From the analysis that follows, new principles of Western policy become necessary that reflect the new realities of the Middle East:
- Iran is more determined than ever to achieve regional hegemony in the Middle East and is fueling regional instability across the entire area. ....
- The primary threat to the Sunni Arab states now clearly comes from Iran....Indeed, Israel and the Sunni Arabs may have many common threat perceptions. The resulting coincidence of their security interests ....might warrant low level discussions between Israel and its neighbors about how to address the threats that they face.
- There is no short-term diplomatic option for resolving the Israeli-Palestinian conflict....
- The stabilization of the Middle East requires the neutralization of any of the components of the current radical Islamic wave. In this sense, it doesn't matter if Sunni or Shiite organizations are defeated, for the failure of any one of the elements in the present wave will weaken the other elements as well. The defeat of Hamas among the Palestinians or Hizballah in Lebanon would constitute an enormous setback for Iran.

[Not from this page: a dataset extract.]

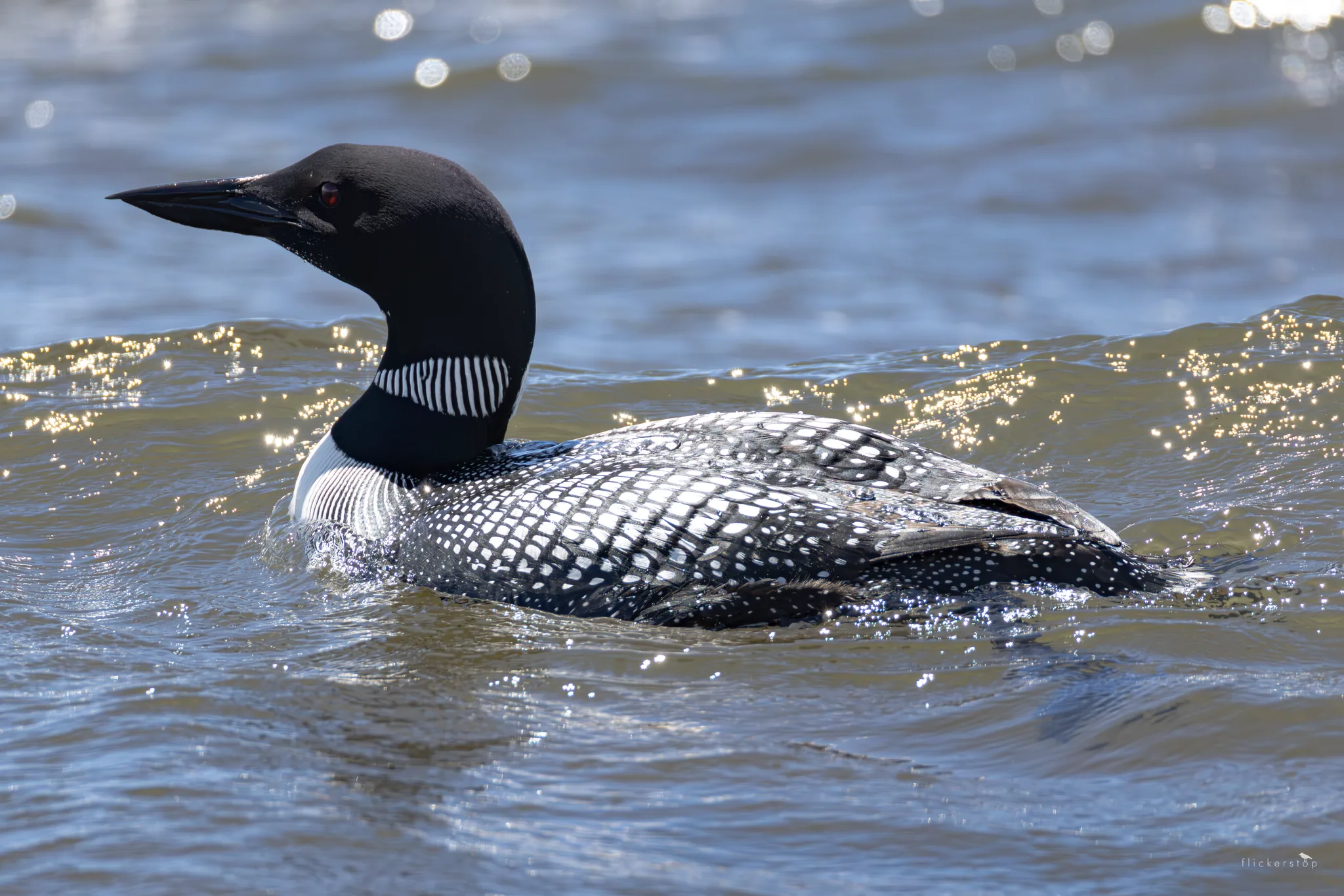 Common Loon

- Israel has a continuing need for defensible borders. ... were Israel pressured to concede the Jordan Valley, for example, it would likely expose itself to a steep increase in infiltration to the strategic West Bank...the vacuum such a move created would increasingly attract global jihadi groups to Jordan, thereby undermining the stability of the Hashemite kingdom, and ultimately the region as a whole.